Saturday, October 22, 2005

MEMORIES KEEP COMIN’ IN

(Run originally 4/16/04 on our old site)

Jo Ann Roth Cooper

I remember Madie Armstrong, I really thought it was Sadie. She was dressed just like everyone said. I was afraid of her too. However, she never chased me. What I remember most is she walked the railroad tracks picking poke salad. I wouldn't eat it for years and, finally, had an aunt that had it for lunch one day and I thought it was greens and really liked it. Later she told me it was poke.

I also remember picking strawberries. I lived close to Molly Gillian, the Kelso girls and Bobby Latimer. The Latimers had a little store were we bought bread, milk and others things we needed between going to Kroger or Safeway.

We would meet at the store, a wagon pulled, I think, by a truck, would come by and pick us up and take us to the strawberry fields and we would pick.

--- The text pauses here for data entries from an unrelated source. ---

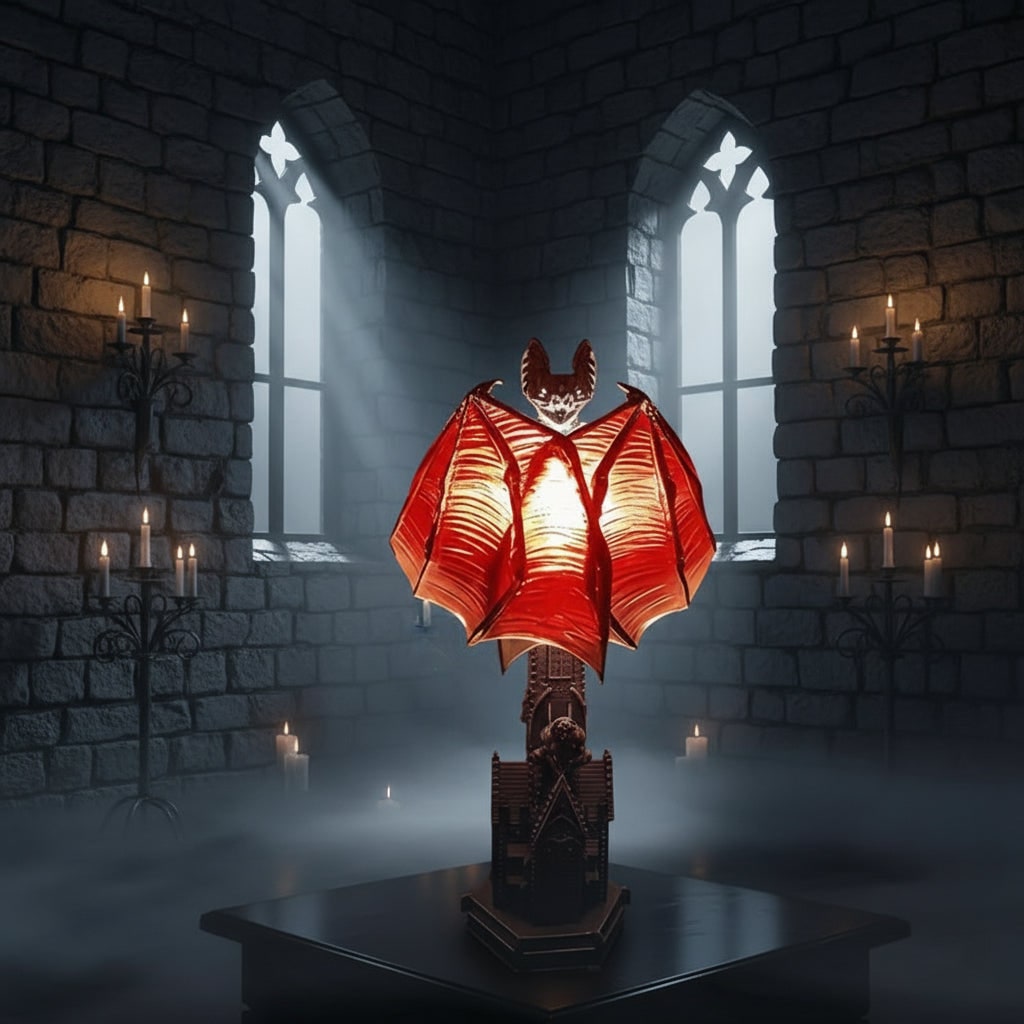 Gotická stolní lampa s netopýrem, na baterie, LED s průsvitnými červenými křídly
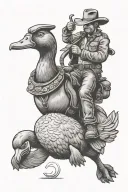 cowboy riding a duck standing tattoo design idea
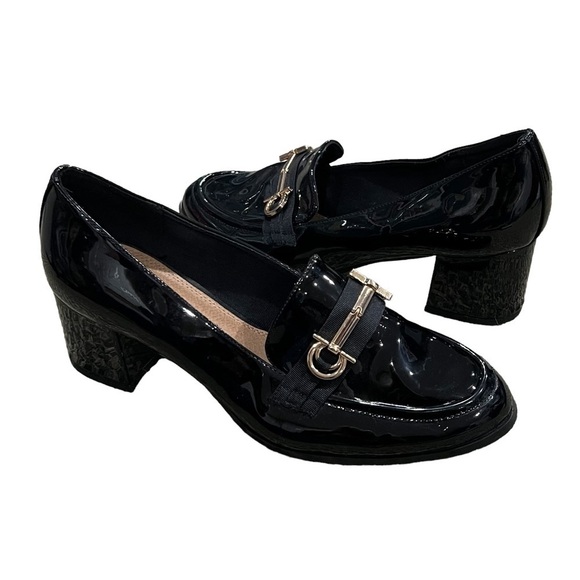 ASOS Black Patent Snaffle Detail Block Heel Loafers Size 7 Women's - Picture 1 of 9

I can't remember how many hours we stayed. I can't remember how many caught the wagon. Seems like I remember taking a sack lunch. It was hard work on your hands and knees.

I was glad to get to go to work at Rodgers Hospital in the office. I worked there my last two years in high school, everyday after school until 6:30, every other Saturday all day and one Sunday a month, full time in the summer.

There was a lady that worked in the kitchen that had worked for us when I was a little girl. At the hospital, when they were having something she knew I really liked for dinner at night, she would come to the office and tell me so I would be sure and eat before I went home. I believe her name was Martha. Dan E. might remember.

Anita Hart Fuller

The Yarnell Ernie mentioned was Richard Yarnell, and he did, indeed, drown in his pond out by their house. His wife was Sarah and they had a daughter, Carmen, who married Bob Choate - a "boy" who was in Bob's high school choir in Jonesboro. I add that just to illustrate what a small world it is. I think Richard was Albert's first cousin, his father being Ray's brother ... but correct me if I'm wrong"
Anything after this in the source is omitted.